IF 2.9 3区 生物学 Q2 BIOCHEMICAL RESEARCH METHODS Pub Date : 2024-08-08 DOI: 10.1186/s12859-024-05878-4
Oieswarya Bhowmik, Tazin Rahman, Ananth Kalyanaraman

Background: Genome assembly, which involves reconstructing a target genome, relies on scaffolding methods to organize and link partially assembled fragments. The rapid evolution of long read sequencing technologies toward more accurate long reads, coupled with the continued use of short read technologies, has created a unique need for hybrid assembly workflows. The construction of accurate genomic scaffolds in hybrid workflows is complicated due to scale, sequencing technology diversity (e.g., short vs. long reads, contigs or partial assemblies), and repetitive regions within a target genome.

Results: In this paper, we present a new parallel workflow for hybrid genome scaffolding that would allow combining pre-constructed partial assemblies with newly sequenced long reads toward an improved assembly.
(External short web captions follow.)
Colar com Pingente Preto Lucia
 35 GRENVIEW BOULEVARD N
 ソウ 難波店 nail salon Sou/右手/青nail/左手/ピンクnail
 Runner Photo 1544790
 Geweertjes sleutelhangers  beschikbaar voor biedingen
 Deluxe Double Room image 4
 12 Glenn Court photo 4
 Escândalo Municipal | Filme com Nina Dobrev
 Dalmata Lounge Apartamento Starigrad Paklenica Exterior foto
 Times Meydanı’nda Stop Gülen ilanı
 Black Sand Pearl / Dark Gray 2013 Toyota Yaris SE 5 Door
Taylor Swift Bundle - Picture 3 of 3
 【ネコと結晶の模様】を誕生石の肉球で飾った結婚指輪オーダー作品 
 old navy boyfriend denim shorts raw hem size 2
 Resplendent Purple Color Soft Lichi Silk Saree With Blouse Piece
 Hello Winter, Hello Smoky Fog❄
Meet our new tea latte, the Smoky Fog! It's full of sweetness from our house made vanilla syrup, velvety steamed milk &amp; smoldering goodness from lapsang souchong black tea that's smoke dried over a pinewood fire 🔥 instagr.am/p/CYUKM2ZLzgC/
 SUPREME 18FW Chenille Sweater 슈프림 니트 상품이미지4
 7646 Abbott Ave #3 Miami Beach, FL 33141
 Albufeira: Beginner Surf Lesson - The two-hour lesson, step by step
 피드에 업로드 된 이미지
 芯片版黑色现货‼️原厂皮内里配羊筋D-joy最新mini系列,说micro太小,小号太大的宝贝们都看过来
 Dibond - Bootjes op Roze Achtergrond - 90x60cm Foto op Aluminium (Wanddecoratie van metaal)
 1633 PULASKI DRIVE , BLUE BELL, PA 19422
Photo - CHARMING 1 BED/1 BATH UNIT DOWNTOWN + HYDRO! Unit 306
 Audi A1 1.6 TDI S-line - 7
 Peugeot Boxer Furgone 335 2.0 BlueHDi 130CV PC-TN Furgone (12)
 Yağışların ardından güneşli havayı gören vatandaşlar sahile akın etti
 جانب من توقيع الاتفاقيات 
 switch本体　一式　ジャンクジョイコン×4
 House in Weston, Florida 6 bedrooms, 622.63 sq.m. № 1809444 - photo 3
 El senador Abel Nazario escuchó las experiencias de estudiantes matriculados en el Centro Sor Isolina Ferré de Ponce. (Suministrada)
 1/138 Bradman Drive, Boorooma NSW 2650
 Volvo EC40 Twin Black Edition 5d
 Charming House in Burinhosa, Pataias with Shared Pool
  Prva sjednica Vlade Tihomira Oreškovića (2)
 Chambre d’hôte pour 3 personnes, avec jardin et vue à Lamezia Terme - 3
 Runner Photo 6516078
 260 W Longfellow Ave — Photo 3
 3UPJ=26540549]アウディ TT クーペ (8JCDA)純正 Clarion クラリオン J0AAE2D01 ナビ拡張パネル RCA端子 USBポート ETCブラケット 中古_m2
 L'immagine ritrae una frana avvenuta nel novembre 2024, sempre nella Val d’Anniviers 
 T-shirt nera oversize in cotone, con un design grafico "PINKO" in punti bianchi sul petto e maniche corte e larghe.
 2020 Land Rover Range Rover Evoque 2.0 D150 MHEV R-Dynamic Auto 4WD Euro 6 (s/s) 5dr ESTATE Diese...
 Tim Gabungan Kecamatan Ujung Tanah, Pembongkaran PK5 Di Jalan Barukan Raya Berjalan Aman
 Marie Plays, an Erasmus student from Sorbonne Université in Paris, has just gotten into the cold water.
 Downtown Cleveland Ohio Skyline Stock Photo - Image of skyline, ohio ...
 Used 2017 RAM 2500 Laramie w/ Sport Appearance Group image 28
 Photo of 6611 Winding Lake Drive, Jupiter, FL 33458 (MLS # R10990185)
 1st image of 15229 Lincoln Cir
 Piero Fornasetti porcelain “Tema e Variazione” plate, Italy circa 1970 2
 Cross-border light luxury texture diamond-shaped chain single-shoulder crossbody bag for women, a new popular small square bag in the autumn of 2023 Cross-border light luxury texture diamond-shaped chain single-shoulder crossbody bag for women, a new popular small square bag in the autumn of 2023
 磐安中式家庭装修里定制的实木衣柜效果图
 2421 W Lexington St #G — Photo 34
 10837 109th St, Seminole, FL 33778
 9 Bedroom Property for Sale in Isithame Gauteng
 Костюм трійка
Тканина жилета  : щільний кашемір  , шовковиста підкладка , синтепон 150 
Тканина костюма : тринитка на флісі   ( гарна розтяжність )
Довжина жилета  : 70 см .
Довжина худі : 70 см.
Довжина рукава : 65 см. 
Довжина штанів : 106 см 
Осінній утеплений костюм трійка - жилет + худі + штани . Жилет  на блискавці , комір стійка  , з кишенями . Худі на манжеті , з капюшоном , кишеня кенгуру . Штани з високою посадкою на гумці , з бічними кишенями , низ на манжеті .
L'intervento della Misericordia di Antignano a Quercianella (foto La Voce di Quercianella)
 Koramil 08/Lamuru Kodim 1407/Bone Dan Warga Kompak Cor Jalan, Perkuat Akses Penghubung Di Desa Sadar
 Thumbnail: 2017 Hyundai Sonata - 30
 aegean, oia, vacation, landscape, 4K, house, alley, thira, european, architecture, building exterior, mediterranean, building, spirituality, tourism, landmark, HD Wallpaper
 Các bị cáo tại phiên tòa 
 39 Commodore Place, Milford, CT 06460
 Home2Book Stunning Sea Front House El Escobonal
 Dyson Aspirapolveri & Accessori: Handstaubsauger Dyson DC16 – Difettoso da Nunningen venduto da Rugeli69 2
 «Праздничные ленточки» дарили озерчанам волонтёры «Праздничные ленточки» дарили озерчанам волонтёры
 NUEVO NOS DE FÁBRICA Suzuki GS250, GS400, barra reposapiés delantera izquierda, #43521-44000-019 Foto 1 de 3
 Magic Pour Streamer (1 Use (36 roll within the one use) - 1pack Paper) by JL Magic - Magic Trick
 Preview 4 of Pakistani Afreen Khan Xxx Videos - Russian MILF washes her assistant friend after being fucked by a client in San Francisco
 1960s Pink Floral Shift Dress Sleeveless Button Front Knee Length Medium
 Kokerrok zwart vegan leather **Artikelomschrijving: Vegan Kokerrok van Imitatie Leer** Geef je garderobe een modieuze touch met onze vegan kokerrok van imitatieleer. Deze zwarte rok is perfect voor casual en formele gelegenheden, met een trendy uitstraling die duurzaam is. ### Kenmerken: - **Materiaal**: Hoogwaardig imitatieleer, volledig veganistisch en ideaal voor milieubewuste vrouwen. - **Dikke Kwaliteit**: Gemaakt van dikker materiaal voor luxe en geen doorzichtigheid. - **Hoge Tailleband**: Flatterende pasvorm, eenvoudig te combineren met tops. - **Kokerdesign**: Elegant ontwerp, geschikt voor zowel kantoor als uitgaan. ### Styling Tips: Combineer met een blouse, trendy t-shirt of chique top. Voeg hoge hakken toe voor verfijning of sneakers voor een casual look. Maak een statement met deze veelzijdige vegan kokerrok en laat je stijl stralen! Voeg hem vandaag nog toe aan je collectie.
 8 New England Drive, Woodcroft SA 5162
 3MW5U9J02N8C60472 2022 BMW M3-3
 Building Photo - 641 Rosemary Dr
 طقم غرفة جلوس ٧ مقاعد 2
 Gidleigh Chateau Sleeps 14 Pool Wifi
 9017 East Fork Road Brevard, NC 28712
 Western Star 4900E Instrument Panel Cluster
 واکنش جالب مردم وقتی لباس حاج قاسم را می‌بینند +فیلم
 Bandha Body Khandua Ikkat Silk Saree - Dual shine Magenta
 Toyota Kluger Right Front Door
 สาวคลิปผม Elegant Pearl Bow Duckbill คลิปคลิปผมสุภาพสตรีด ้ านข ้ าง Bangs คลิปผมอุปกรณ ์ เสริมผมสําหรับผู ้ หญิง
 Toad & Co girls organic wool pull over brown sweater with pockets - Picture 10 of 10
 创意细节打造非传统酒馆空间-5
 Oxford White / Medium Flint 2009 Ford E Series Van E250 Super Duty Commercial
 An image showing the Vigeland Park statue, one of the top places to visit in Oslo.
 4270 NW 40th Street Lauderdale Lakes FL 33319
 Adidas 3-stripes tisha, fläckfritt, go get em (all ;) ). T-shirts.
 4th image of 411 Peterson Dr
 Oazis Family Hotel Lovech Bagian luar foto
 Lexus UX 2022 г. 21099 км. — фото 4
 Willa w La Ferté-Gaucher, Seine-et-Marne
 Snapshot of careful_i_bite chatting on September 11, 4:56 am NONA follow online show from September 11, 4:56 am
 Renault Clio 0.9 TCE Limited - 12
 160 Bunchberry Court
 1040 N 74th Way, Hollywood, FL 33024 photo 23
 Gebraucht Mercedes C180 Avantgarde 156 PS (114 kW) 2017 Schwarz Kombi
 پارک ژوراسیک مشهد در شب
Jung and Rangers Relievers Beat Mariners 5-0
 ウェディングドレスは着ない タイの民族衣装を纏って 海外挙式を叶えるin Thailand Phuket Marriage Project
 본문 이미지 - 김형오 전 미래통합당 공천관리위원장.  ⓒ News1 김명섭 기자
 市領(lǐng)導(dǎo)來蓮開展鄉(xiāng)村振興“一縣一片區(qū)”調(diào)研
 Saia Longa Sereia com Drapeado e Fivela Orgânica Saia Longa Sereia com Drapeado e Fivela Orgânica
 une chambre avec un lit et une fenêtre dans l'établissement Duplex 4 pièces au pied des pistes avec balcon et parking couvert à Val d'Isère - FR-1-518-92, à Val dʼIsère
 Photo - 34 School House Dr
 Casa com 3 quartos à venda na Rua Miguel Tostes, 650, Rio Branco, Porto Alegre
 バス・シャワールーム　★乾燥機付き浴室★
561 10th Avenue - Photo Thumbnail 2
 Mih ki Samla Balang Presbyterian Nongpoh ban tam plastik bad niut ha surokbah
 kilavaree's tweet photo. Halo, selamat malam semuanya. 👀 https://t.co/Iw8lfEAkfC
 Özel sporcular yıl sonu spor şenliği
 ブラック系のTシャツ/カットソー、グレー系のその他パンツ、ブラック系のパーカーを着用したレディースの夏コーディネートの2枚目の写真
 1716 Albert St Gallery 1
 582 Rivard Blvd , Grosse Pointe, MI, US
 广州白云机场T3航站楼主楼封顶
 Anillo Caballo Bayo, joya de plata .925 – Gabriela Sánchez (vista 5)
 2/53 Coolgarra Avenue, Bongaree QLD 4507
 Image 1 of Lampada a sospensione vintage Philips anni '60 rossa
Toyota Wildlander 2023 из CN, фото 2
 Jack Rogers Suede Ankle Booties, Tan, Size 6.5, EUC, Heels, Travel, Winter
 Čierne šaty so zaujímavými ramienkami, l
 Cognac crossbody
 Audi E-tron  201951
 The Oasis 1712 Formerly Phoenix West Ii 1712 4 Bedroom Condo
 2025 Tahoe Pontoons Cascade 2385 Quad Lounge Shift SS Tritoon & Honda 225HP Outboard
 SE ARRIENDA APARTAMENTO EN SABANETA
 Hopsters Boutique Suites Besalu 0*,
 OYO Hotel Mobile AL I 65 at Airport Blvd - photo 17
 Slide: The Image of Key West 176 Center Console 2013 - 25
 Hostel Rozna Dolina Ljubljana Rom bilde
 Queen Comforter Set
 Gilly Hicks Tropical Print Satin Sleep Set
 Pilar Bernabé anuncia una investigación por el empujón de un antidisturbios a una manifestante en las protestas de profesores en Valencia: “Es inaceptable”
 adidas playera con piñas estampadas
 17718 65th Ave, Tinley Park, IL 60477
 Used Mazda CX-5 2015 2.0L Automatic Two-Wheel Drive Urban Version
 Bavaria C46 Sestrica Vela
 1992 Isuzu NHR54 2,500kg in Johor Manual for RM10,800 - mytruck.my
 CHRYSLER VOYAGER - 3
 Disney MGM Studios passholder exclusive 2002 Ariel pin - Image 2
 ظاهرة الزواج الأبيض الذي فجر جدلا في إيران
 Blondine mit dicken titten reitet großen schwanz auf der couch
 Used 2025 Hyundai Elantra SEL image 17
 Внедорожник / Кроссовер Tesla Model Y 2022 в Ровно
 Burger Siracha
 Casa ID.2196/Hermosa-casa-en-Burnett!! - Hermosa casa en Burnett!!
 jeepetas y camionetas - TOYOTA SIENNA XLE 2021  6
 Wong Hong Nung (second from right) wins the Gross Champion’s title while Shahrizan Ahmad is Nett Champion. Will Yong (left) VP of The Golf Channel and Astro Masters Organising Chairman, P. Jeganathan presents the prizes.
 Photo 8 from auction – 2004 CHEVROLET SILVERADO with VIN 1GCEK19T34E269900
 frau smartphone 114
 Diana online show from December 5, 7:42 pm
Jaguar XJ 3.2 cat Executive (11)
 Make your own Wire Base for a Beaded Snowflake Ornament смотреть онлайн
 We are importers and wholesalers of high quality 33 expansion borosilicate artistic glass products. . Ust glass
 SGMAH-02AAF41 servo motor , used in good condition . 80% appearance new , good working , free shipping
More specifically, the workflow, called Maptcha, is aimed at generating long scaffolds of a target genome, from two sets of input sequences-an already constructed partial assembly of contigs, and a set of newly sequenced long reads. Our scaffolding approach internally uses an alignment-free mapping step to build a contig,contig graph using long reads as linking information. Subsequently, this graph is used to generate scaffolds. We present and evaluate a graph-theoretic "wiring" heuristic to perform this scaffolding step. To enable efficient workload management in a parallel setting, we use a batching technique that partitions the scaffolding tasks so that the more expensive alignment-based assembly step at the end can be efficiently parallelized. This step also allows the use of any standalone assembler for generating the final scaffolds.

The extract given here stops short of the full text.